À ce jour, ni les États-Unis ni Israël n’ont fourni cette preuve. L’idée qu’ils puissent faire l’objet d’une plainte devant la Cour internationale de justice (CIJ) parait encore très hypothétique.
### Les États-Unis et Israël pourraient-ils se retrouver devant la justice ?
Si un ou plusieurs États estiment que l’action menée conjointement par Israël et les États-Unis ne respecte pas les critères d’une frappe préemptive, une action devant la justice internationale semble peu réaliste. La Cour internationale de justice ne peut pas juger un État sans son consentement et nécessite un fondement de compétence clair, « par exemple un accord ad hoc entre les États pour soumettre le différend à la Cour », comme le souligne Sarah Scialom, « une clause compromissoire prévue dans un traité applicable, ou une acceptation de la juridiction obligatoire au titre de l’article 36 paragraphe 2 du Statut de la CIJ. En pratique, ce verrou procédural est souvent décisif ».

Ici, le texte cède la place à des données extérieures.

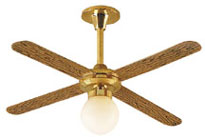 Dollhouse Miniature Ceiling Fan W/Light (Non-Work)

L’avocate spécialisée en droit des conflits armés ajoute : « Dans le scénario précis des actions militaires des États-Unis et d’Israël contre l’Iran, il est difficile d’imaginer quel instrument conventionnel pourrait être utilisé pour établir de manière simple et directe la compétence de la CIJ. La Charte des Nations Unies interdit bien le recours à la force à l’article 2 paragraphe 4 et encadre la légitime défense à l’article 51, mais elle ne contient pas de mécanisme contentieux automatique permettant à un État d’assigner un autre État devant la CIJ simplement en raison d’une violation allégée de ces dispositions. Il faudrait identifier un traité liant l’État demandeur et l’État défendeur, dont l’objet couvre effectivement le différend et qui comporte une clause ouvrant la juridiction de la CIJ ».

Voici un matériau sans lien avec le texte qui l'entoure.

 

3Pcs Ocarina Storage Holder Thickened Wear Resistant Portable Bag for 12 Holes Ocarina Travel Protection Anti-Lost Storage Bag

Cela s’avère peu évident, d’autant plus que les États-Unis ou Israël pourraient contester la compétence, sans oublier les questions de recevabilité et d’admissibilité à agir, la Cour internationale de justice exigeant qu’il existe un différend juridique réel et une base procédurale solide.
En d’autres termes, bien qu’il soit indéniable que les frappes menées le samedi 28 février 2026 par les États-Unis et Israël figureront en bonne place dans les livres d’histoire, il semble peu probable qu’elles aboutissent un jour devant un tribunal de justice.